‘What if there is no God?’

Last Sept. 25, President Duterte asked critics of the death penalty this rhetorical question: “What if there’s no God?”

Some philosophers of religion, such as William Lane Craig, would argue that God grounds morality. So if God does not exist, there really is no foundation for objective moral values and duties. Nothing would really be objectively good or bad, or right or wrong, if God does not exist. All our actions would lack objective moral meaning; every act would be morally neutral.

So if there is no God, no one can really condemn the rape and murder of women and children as objectively wrong. Rape and murder would only be “wrong” subjectively or relatively, which is the same as saying that “it is not really wrong.”

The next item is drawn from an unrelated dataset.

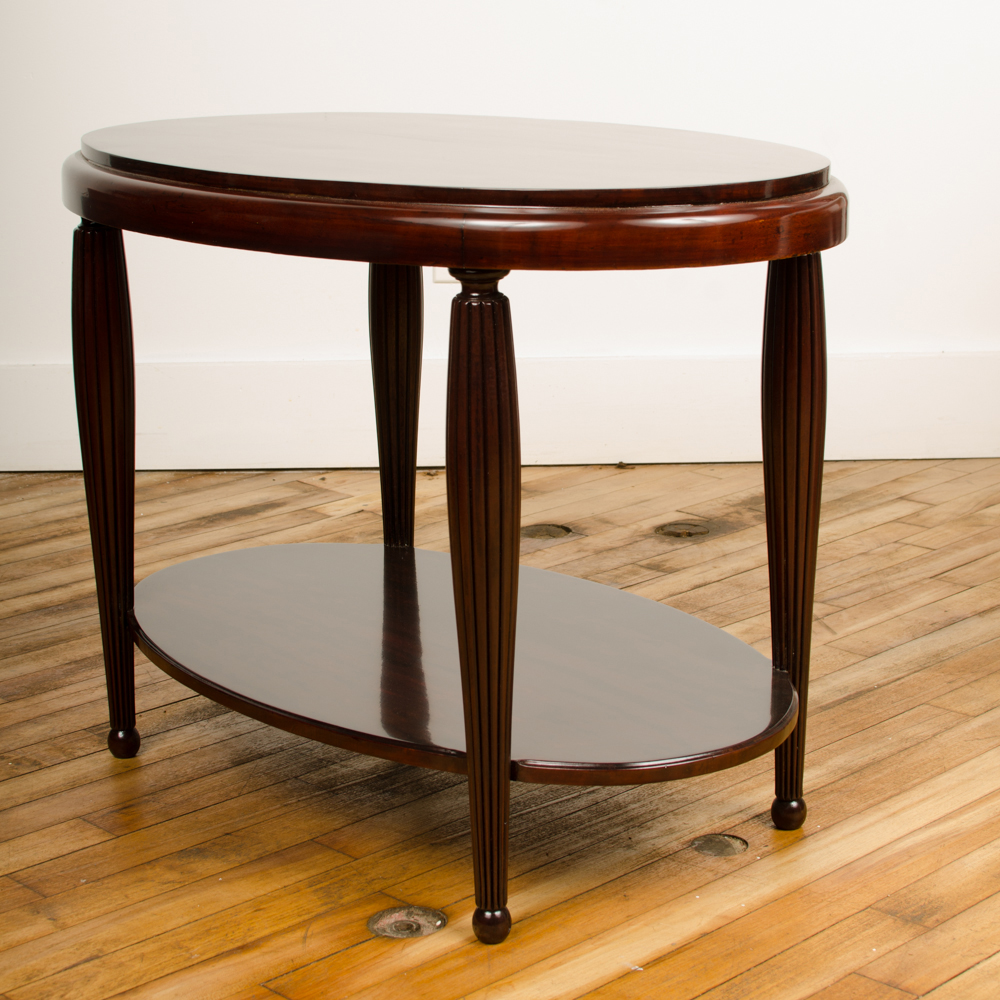 Art deco contemporary table with fluted legs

Rather than supporting the case for the death penalty, God’s nonexistence would only undermine it. When a convict is meted the penalty of death, he or she is not being punished for an objective wrong he or she has done. He or she is being punished because the people in power merely do not like what he or she has done. That’s comparable to condemning to death someone who does not agree with you that a blueberry-flavored ice cream is better than any other flavor of ice cream. If God does not exist, that’s all what morality is—not an objective reality, but a matter of personal taste and preference—an illusion.

God does exist, and we know this because we know that rape and murder are objectively wrong. They are objectively wrong because they are grounded on an objective and transcendent standard, namely God.